SACRAMENTO -- Warriors coach Mark Jackson said starting center Andrew Bogut is a ways away from playing a preseason game, which raises questions about his status for the regular-season opener.
On Monday when the Warriors travel to Los Angeles for a preseason game against Clippers, Bogut will visit Dr. Richard Ferkel. He is going to have his surgically-repaired left ankle checked out, though the Warriors are saying it is a cautionary measure.
Fortunately for the Warriors, rookie center Festus Ezeli is giving them some insurance in case Bogut's recover takes longer than expected.
"He's been spectacular," Jackson said of Ezeli. "He's absolutely the real deal. Can't believe he was on the board at No. 30."
Ezeli, the last player drafted in the first round, has won over his coaches and teammates with his diligence and raw talent. But perhaps most important for the Warriors, considering the uncertainty surrounding Bogut, is Ezeli's bankable assets.
He's got legitimate size -- 6-foot-11, 255 pounds -- and a certain desire to throw it around. He's already a solid shot-blocker, and the defensive success he had at Vanderbilt seems to be translating to the NBA.

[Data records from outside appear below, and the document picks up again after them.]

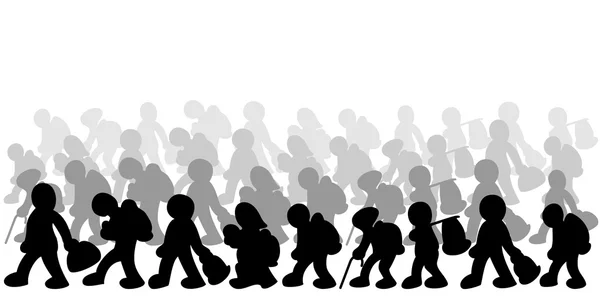 Illustration de migrants sur fond blanc — Image vectorielle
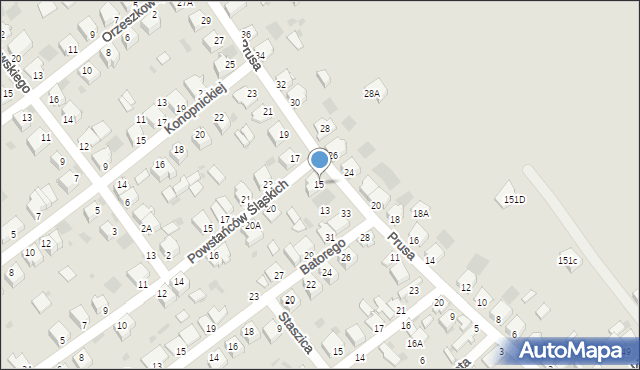 Myszków, Prusa, 15, mapa Myszków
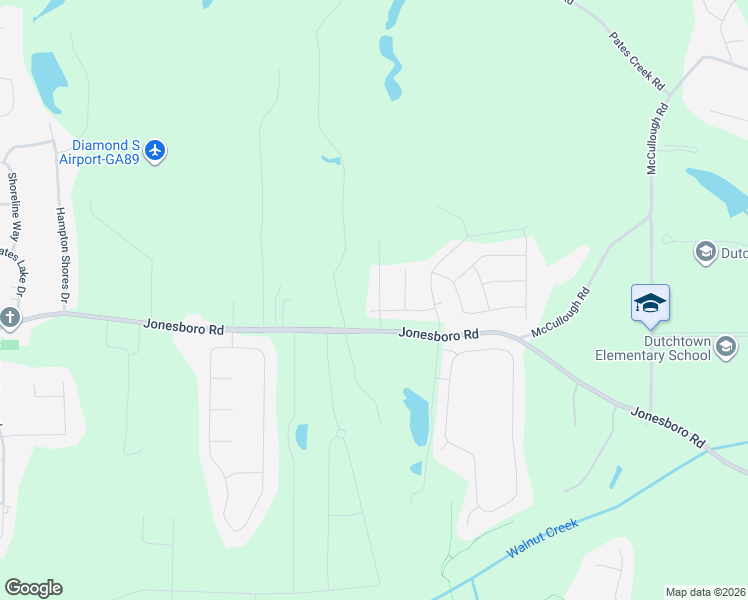 map of restaurants, bars, coffee shops, grocery stores, and more near 3424 Jonesboro Road in Hampton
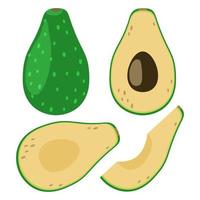 avocado set - heel, half en in plakjes gesneden fruit vector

Jackson said Ezeli "didn't make a mistake" defending Utah's proven big man Al Jefferson. Jackson simply instructed Bogut and forward David Lee to give Ezeli a crash course on Jefferson's game, and the rookie was set.
Jackson said he asked Lee and Carl Landry to give Ezeli a crash course on Kings center DeMarcus Cousins' game before Wednesday night's game, a 98-88 Warriors win over the Sacramento Kings. Cousins played the first five minutes, missing all four of his shots.
Both Ezeli's first-quarter shots were against Cousins. First, Ezeli showed his hustle, getting out to a tip Cousins' 7-foot jumper not even two minutes into the game. At the 8:04 mark, Ezeli showed his timing, rejecting a 8-foot jump hook by Cousins.
"I've got to keep working on my defense, keep tightening it up," Ezeli said before banging with Cousins on Wednesday. "Any challenge, I look forward to it."
His biggest challenge yet might be serving as the opening-night starter.
Before Wednesday's game, Jackson didn't sound too optimistic about Bogut being able to play in the preseason. The goal was to get Bogut, who had arthroscopic surgery on his left ankle in April, into a couple preseason games as tuneup for the opener Oct. 31 against Phoenix.
Wednesday, however, Jackson said Bogut is "a ways away." The Warriors haven't officially changed the opening target date for their starting center. Neither has Bogut, who to the untrained eye looks at least close to ready when doing drills in practice.
But if he can't get into a preseason game, it's a fair guess the season opener is questionable. Remember, Bogut hasn't played an NBA game since he fractured that ankle in January while playing for Milwaukee.
"I think it's the best thing for him and for us," Jackson said regarding Bogut playing one of the Warriors' remaining three preseason games. "But at the same time, the most important plan is to make sure he's healthy. So we're not going to do anything to set him back. So we'll see how it goes."
Working in the Warriors' favor is seven straight off days between the last preseason game, Oct. 23 against Phoenix, and the opener. Also working in the Warriors' favor: Ezeli.
But is he ready for such a big responsibility? No doubt, Ezeli has some areas he needs to improve.
No. 1, he needs to stay on the floor. To do that, he's got to limit his fouling. Ezeli had three fouls in 21 minutes in a loss to Denver on Monday. He had four fouls in eight first-half minutes Wednesday.
Rookies tend to have foul issues. So Ezeli, who said he loves to mix it up, figures to have some foul troubles while he learns the ropes. That's not much of a problem if he's backing up Bogut. But it's a different story if Bogut is out.
Jackson said he wants Ezeli to work on his rebounding, to "go after the basketball."
"He's a high IQ basketball player, especially defensively," Jackson said. "I'm very pleased with his progress. ... I'm looking for Festus to be a force."
They won't return home until Tuesday, an eight-day road trip. Jackson said he chose to pass on three potential days at home to give the Warriors a road experience.
"In an ideal world we would have went away for training camp," Jackson said. "It is important for us to get the feeling of being on the road, extended road trips. I thought it was a great time for us. ... We're getting prepared for what we're going to face come regular season."